At the beginning of his book, The Mission of God, Christopher Wright makes his case for the Bible as the unfolding story of God’s missional purpose. He summarizes the way in which that purpose is actualized through the people and situations introduced and described in the pages of the Bible.
“What we have to offer, I contend, is a missional hermeneutic of the Bible. . . . The Bible which glories in diversity and celebrates multiple human cultures, the Bible which builds its most elevated theological claims on utterly particular and sometimes very local events, the Bible which sees everything in relational, not abstract terms, and the Bible which does the bulk of its work through the medium of stories. All of these features of the Bible— cultural, local, relational, narrative— are welcome to the post modern mind.”
These features of the Bible that Wright introduces–cultural, local, relational, narrative–are deeply embedded in the SRD-ARA methodology. Let’s explore some of the ways in which that is done.
The biblical narrative of God’s plan to restore all things through Christ is made up of many stories of communities being given the tools and opportunities for change to a better way—God’s way. God has chosen that we learn about Him and His ways through these stories. The stories of exile and divine rescue deeply affected the stories of communities that came after. Similarly, today’s stories can also be deeply affected by the wealth of biblical stories.
The development of SRD-ARA learning tools starts with a situation faced by one or a number of communities. Let’s use the example of communities in which wives are abused by their husbands. This is a story that is experienced with variations by many women in these communities. The issue is more complex in a church setting where wife-abuse is also common. In understanding the stories of women in these communities a clear picture emerges of the extent and nature of the abuse. The causes of husband-to-wife abuse are surface. It also brings home the important fact that the problem is endemic and not limited to a few incidents.
A key element of SRD-ARA learning design is to connect these current stories of abuse with the biblical stories in which we see parallels and also how God sees the issue and how people responded at that time. Examining the biblical stories in relation to present-day stories enables reflection and insights to be formed on how to think and act to change the story of the abused and the abuser.
Even though the problem of wife abuse may be common in multiple communities there are often differences in the nature and causes of abuse in a particular local community. SRD-ARA takes this into account through its use of orientation activities that help learners to discover the specific situation in their local community. Helping learners gain a deep understanding of their own community situation with abuse is also critical for them to develop responses that are relevant and more likely to effect a change in the situation of abused wives.
People who are from within the culture in which the situations exist develop SRD-ARA learning–not outsiders. Insiders may not know all the specific issues around wife-abuse but they have the general cultural knowledge that informs them about how local people think, make decisions and communicate with each other. They know how the community hides and defends unpleasant realities.

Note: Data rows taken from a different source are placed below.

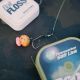 KORDA STRAIGHT POINT Nº6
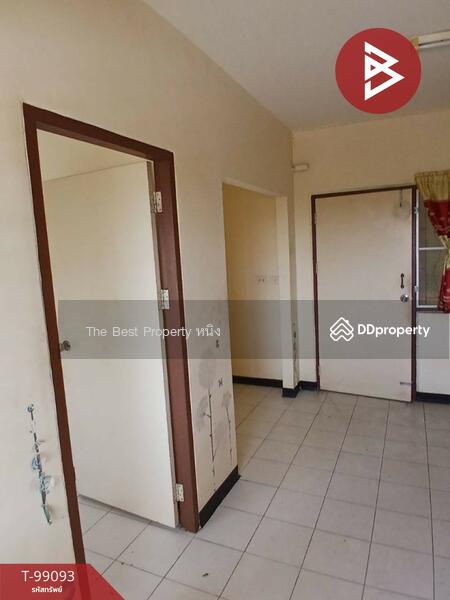 ขาย - Baan Ua-Athorn Bang Bo Km.29 : บ้านเอื้ออาทร สุวรรณภูมิ 3 (บางบ่อ กม.29), สมุทรปราการ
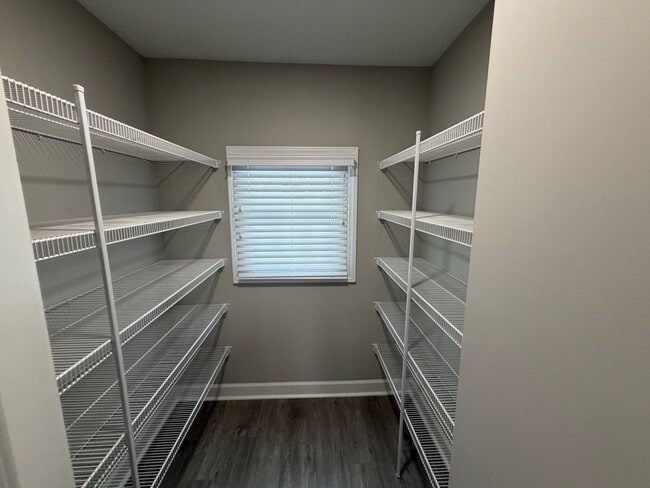Building Photo - Remodeled House With So Much To Offer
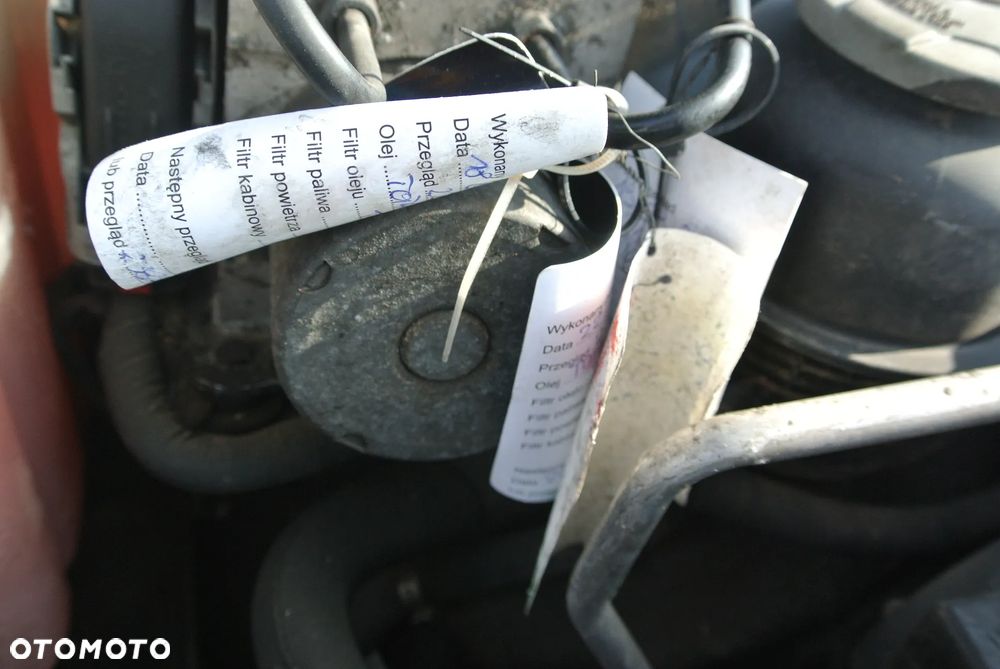 Audi A4 Limousine - 16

Individuals don’t solve entrenched community problems. It takes a community to understand the dynamics of a situation and it takes a community to develop and implement a response that will lead to a better outcome. Of course, individual gifts and talents and experience are needed but they are more effective operating as a group. Consequently, SRD-ARA emphasizes a community engagement in all phases of learning response development and implementation. Similarly, the learner has to be part of a learning group and each learner is required to form a small group who will also learn and be engaged in developing responses that change the situation in the local community.
Learning that is relevant, and engages with real situations faced by real people can bring change in the story written by our communities. To achieve that it needs to be developed and implemented by God’s people who live in and come from the communities needing change. Learning and change is a community activity and when the community is engaged in change in appropriate ways, the opportunity to write a better story will be attained.